But there is currently no agreed funding mechanism in place for the policy.

Initially, former prime minster David Cameron had proposed paying for the discounts through the forced sell-off of higher-value council homes when first announcing plans to extend the Right to Buy to housing associations in 2015.

The Higher-Value Asset Levy, as this latter policy was called, was later scrapped in 2018 while Theresa May was in Downing Street.

Housing associations’ ability to meet the government’s commitment to replacing homes sold through the VRTB on a one-for-one basis was called into question by the evaluation report.

And researchers warned that “the replacement homes will be on average smaller, at higher rents and include more homes for shared ownership and fewer for rent”.

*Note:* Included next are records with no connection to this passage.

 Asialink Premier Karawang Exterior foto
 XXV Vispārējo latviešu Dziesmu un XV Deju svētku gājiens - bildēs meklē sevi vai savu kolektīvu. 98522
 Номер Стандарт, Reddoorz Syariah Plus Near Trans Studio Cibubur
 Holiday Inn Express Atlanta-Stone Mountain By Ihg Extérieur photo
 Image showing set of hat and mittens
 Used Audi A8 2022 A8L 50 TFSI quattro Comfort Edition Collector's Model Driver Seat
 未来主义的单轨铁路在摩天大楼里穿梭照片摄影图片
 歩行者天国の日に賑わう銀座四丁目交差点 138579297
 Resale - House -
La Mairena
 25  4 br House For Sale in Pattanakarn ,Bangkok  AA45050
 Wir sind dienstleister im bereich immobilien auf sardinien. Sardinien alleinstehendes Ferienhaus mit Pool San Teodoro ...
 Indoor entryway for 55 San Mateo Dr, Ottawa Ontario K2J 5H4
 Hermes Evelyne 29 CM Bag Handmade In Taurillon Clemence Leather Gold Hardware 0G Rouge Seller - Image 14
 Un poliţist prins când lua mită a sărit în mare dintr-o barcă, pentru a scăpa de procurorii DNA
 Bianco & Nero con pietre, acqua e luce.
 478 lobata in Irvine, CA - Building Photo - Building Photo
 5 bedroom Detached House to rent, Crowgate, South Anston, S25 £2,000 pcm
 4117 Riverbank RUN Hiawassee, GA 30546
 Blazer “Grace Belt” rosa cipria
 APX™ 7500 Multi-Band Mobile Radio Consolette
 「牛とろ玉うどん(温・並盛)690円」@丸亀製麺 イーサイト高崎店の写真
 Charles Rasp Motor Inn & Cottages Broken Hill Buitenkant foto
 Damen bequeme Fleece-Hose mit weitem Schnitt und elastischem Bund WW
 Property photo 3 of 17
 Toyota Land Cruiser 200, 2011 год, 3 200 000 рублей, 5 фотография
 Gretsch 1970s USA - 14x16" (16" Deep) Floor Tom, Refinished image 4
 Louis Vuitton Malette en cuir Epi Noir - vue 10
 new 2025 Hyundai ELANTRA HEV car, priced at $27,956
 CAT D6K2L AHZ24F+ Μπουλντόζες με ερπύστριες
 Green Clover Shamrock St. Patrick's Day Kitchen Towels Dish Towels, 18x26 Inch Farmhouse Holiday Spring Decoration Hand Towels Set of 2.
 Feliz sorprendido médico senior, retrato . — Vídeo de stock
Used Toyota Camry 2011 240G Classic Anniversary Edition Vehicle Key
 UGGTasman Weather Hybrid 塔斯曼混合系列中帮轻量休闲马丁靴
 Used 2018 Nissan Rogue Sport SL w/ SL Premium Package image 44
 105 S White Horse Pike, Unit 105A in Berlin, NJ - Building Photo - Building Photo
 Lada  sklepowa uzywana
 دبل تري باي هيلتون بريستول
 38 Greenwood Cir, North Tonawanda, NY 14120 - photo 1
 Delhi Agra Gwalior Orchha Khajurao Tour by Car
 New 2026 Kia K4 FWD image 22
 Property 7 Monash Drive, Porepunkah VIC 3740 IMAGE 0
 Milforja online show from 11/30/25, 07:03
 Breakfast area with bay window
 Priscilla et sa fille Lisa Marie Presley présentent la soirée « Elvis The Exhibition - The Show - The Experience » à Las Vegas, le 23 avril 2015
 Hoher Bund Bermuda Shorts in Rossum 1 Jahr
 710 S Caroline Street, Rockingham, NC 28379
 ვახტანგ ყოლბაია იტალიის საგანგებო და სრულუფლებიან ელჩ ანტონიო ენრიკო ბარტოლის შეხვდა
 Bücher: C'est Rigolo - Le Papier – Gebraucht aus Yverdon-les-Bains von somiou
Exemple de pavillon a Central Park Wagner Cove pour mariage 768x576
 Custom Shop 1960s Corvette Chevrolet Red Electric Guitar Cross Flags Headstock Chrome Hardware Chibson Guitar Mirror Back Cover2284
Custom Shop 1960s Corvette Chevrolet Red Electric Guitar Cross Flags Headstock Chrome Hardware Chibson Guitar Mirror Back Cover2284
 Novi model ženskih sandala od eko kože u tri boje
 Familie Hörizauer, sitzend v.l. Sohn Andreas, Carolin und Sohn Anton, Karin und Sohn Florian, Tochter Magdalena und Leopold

Boris Worrall, chief executive of Rooftop Housing Group, which was involved in the Midlands VRTB pilot, said: “I think if you look at the overall cost of executing each sale, it’s about £65,000.

“I would argue that from a value-for-money point of view that is at the higher end of the capital grant needed to deliver a new shared ownership home and I would argue that’s a better value for money way to support affordable homeownership.”

A spokesperson for MHCLG said: “These figures are speculative – the independent evaluation of the Midlands Voluntary Right to Buy pilot has shown that the scheme is good value for money.

“Right to Buy has helped nearly two million council tenants realise their dream of homeownership, and the Midlands pilot has seen over 1,800 housing association tenants become homeowners.

“We’re considering further findings from the report and how they can help inform future policy – we will also evaluate new pilot areas and announce more details on that in due course.”

A source added that the government “will continue to work closely with the housing association sector on the next steps on VRTB”.